On December 10, 1996, the trial court found the accused guilty beyond reasonable doubt and was hereby sentenced to suffer the extreme penalty of Death.
Two Appellant’s Briefs were filed with this Court—one filed by the Free Legal Assistance Group (FLAG) Anti Death Penalty Task Force, and another one filed by Public Attorney Antonio D. Banico, appellant’s counsel.
FLAG, argues that the trial judge failed to conduct a searching inquiry into the voluntariness and full comprehension of the accused’s plea of guilty to the capital offense, as mandated in Sec. 3, Rule 116 of the New Rules on Criminal Procedure. Thus, this case should be remanded to the court of origin for further and appropriate proceedings.
ISSUE(S):
Whether or not the plea of guilty of accused appellant is null and void
Whether or not the Court violated Sec. 3, Rule 116 of the 1985 Rules on Criminal Procedure
RULING:
The contention of FLAG would have been correct were it not for the circumstance that accused-appellant did not, in fact, plead guilty to a capital offense in the first place.
In order for rape to be punishable with death, the information/complaint must properly allege the qualifying circumstance of relationship between the accused and the victim, and the latter’s minority, and the same must be proved beyond reasonable doubt, in the same manner that circumstances that qualify a killing to murder, must be alleged in the information, and also proved beyond reasonable doubt during the trial. Failure to allege the fact of filiation and minority in the information for rape is fatal and consequently bars conviction of its qualified form which is punishable with death.
In the case at bar, such relationship is not stated in the “cause of the accusation,” or in the narration of the act or omission constituting the offense, but only in the preamble or opening statement of the complaint. The complaint upon which the appellant was arraigned does not state in the specifications of the acts constitutive of the offense, that he is charged as the father of the victim. Such omission is prejudicial to the right of the accused to be informed of the nature of the accusations against him.

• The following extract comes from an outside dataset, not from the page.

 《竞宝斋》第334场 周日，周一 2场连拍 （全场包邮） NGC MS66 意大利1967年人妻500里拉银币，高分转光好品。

On this matter, Atty. Banico correctly pointed out that only the first paragraph of the complaint mentions the age of the private complainant and the relationship of the accused to the private complainant, i.e., that the accused is the father of the private complainant. Atty. Banico is correct in arguing that the first paragraph of the complaint is not part of the allegation of the charge for rape to which appellant pleaded guilty. Therefore, said complaint charges only simple rape under Art. 335, for which the penalty is only reclusion perpetua, and not for rape under R.A. 7659, qualified by the circumstance that the offender is the father of the victim who is a minor, for which the penalty is death.
Since the appellant did not plead guilty to a capital offense, he cannot properly invoke Sec. 3, Rule 116.
Accused-appellant entered a plea of guilty, but it appears from the records of the proceedings before the court a quo that the same was a conditional plea, because appellant’s counsel argued that the mitigating circumstances of plea of guilty and drunkenness should be appreciated in favor of the appellant. While the records do not show
that appellant entered his plea with the proviso that a certain penalty be imposed upon him, this can be inferred from the arguments made by his counsel during the hearing on December 2, 1996, and in the appellant’s brief filed by said counsel, asking that appellant be entitled to the benefit of the plea.
A conditional plea of guilty, or one entered subject to the provision that a certain penalty be imposed upon him, is equivalent to a plea of not guilty and would, therefore, require a full-blown trial before judgment may be rendered.